# [RECORDS TO USE]
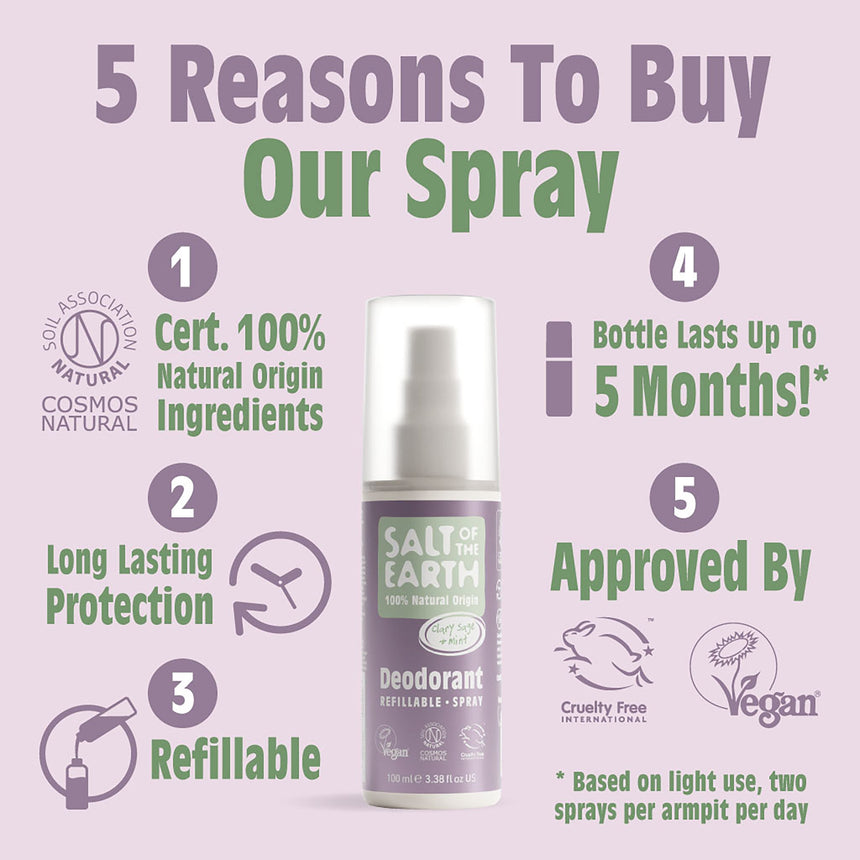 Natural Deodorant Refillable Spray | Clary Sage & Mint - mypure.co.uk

--

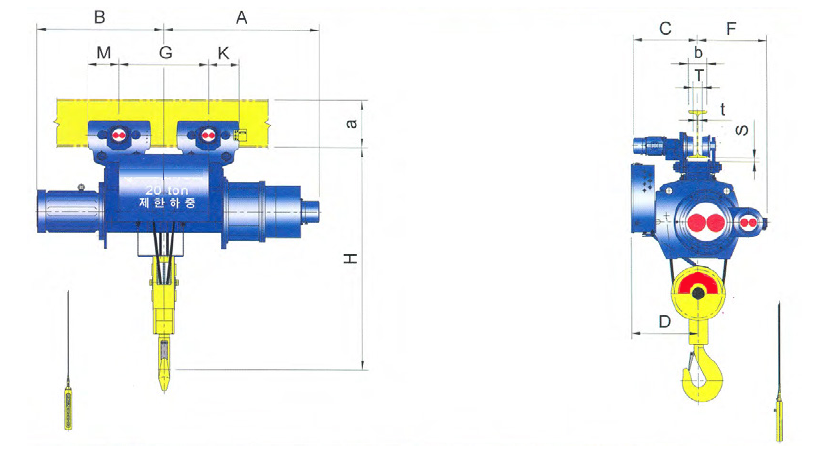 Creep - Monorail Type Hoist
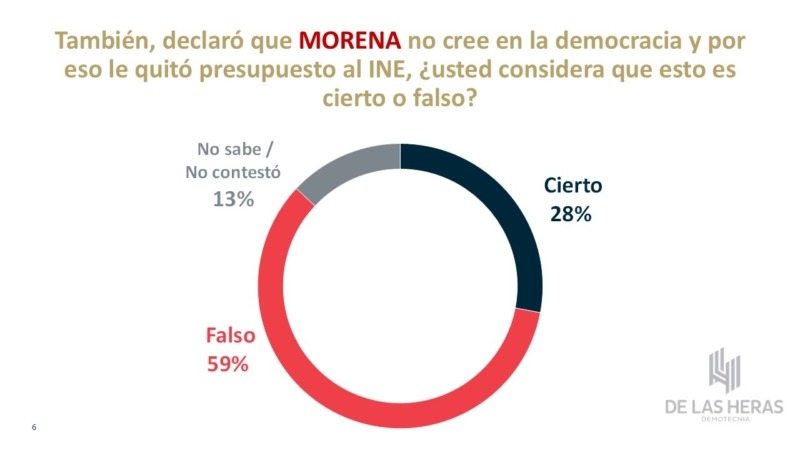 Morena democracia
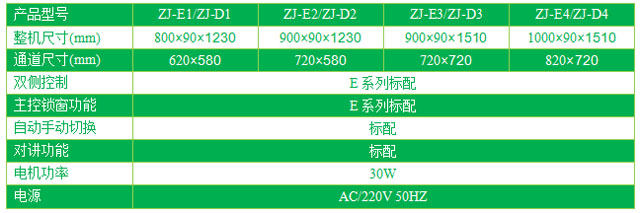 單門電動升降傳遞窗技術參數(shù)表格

# [ACTIVITY]
Above are records with pictures. Reproduce exactly only the lines from the line with "Creep - Monorail Type Hoist" through the line with "單門電動升降傳遞窗技術參數(shù)表格", both ends included, and leave the pictures out.

# [ANSWER TO THE EXERCISE]
 Creep - Monorail Type Hoist
 Morena democracia
 單門電動升降傳遞窗技術參數(shù)表格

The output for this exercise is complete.